▸ Your task
From the line that contains "Flat Sequin Strip, 6mm" through the line that contains "vidaXL 4 Piece", output every line of the listing below exactly and leave out all the rest.

▸ Stored data
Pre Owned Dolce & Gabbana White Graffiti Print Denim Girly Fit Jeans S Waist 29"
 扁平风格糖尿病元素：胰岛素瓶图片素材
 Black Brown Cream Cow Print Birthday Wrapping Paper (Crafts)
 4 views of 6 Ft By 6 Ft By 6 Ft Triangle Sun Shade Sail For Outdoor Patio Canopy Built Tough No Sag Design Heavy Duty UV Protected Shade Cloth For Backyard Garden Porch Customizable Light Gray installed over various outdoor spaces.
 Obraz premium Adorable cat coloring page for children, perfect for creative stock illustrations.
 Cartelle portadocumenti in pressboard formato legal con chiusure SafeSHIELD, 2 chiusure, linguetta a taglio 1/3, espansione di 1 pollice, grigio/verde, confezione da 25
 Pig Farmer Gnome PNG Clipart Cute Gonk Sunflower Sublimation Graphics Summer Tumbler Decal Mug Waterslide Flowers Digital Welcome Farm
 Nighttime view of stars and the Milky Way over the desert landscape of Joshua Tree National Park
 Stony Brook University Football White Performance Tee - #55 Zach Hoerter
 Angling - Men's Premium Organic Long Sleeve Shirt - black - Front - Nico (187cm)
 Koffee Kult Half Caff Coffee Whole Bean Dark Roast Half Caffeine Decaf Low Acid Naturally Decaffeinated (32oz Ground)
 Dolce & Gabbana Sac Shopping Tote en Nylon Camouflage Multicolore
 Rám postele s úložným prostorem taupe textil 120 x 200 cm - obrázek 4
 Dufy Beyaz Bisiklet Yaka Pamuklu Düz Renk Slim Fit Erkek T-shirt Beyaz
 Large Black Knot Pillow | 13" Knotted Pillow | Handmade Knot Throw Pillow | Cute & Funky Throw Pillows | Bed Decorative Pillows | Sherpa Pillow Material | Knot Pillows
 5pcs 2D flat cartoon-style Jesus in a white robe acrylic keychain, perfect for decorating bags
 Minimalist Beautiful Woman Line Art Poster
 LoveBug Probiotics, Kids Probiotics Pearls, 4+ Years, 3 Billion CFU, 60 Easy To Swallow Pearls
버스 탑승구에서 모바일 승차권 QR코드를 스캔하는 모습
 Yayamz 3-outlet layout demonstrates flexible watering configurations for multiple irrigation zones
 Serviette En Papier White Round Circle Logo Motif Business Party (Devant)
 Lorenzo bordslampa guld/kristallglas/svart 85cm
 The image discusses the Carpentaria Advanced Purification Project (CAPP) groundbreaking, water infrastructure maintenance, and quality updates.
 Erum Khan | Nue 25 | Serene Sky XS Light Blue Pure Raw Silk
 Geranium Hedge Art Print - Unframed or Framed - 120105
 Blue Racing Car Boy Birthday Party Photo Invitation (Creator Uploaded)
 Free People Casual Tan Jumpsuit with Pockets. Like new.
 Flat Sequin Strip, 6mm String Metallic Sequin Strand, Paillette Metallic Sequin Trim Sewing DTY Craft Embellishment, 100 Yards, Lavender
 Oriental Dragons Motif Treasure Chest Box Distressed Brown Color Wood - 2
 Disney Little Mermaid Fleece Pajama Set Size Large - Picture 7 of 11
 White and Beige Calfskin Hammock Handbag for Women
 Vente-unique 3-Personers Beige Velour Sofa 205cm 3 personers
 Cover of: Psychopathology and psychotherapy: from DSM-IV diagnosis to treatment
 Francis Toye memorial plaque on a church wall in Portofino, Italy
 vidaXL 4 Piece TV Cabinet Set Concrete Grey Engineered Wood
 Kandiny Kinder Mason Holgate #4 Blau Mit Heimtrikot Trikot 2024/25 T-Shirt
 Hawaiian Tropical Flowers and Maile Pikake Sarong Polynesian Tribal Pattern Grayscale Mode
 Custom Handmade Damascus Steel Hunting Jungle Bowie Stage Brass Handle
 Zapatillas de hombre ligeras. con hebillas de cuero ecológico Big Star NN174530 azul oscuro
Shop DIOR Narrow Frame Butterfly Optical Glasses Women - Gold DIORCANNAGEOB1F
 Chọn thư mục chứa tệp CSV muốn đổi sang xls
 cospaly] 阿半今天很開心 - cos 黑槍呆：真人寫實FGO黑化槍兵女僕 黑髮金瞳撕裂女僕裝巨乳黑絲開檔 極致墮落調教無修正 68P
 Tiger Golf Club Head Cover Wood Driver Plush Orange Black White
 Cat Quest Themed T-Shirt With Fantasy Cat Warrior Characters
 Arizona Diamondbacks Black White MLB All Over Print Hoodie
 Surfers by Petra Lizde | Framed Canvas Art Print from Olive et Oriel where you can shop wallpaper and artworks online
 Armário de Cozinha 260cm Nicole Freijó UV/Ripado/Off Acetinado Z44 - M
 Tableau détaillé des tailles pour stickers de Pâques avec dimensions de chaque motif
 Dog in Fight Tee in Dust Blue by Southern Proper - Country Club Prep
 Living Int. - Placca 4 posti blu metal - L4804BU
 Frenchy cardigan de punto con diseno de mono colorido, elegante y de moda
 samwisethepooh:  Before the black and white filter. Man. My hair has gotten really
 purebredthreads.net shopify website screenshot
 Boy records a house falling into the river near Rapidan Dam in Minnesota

▸ Exercise answer
 Flat Sequin Strip, 6mm String Metallic Sequin Strand, Paillette Metallic Sequin Trim Sewing DTY Craft Embellishment, 100 Yards, Lavender
 Oriental Dragons Motif Treasure Chest Box Distressed Brown Color Wood - 2
 Disney Little Mermaid Fleece Pajama Set Size Large - Picture 7 of 11
 White and Beige Calfskin Hammock Handbag for Women
 Vente-unique 3-Personers Beige Velour Sofa 205cm 3 personers
 Cover of: Psychopathology and psychotherapy: from DSM-IV diagnosis to treatment
 Francis Toye memorial plaque on a church wall in Portofino, Italy
 vidaXL 4 Piece TV Cabinet Set Concrete Grey Engineered Wood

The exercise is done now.